EXERCISE PROMPT — Write out the data that follows exactly, keeping every picture out.

DATA SECTION —
- - -
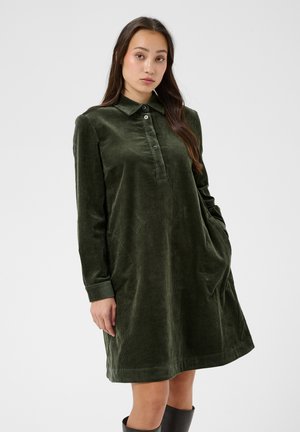Femme portant une robe en velours côtelé vert foncé à manches longues avec des boutons, debout avec une main dans la poche devant un fond clair uni.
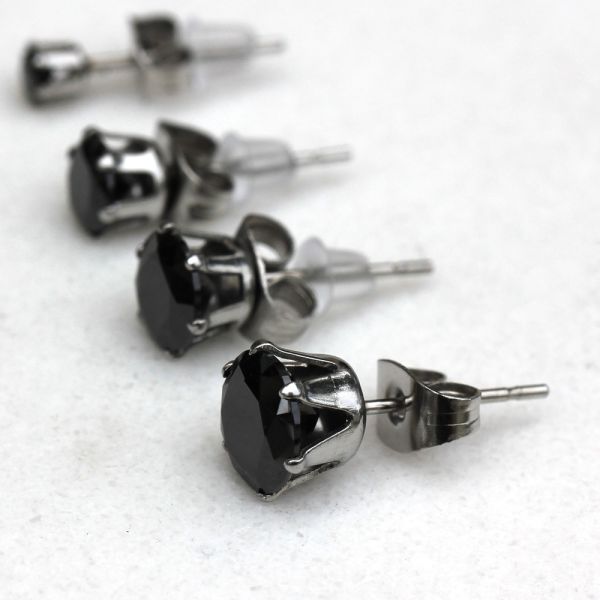 Black round CZ studs with steel clutches, showing the slim posts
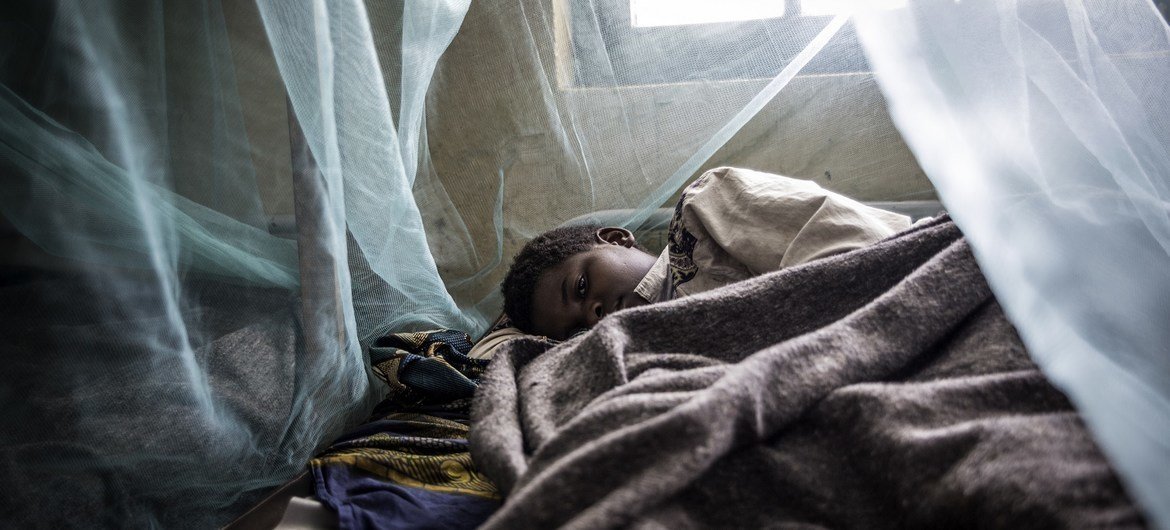 A child sleeps under an insecticide treated mosquito net for protection against malaria.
- - -
EXERCISE RESULT —
Femme portant une robe en velours côtelé vert foncé à manches longues avec des boutons, debout avec une main dans la poche devant un fond clair uni.
 Black round CZ studs with steel clutches, showing the slim posts
 A child sleeps under an insecticide treated mosquito net for protection against malaria.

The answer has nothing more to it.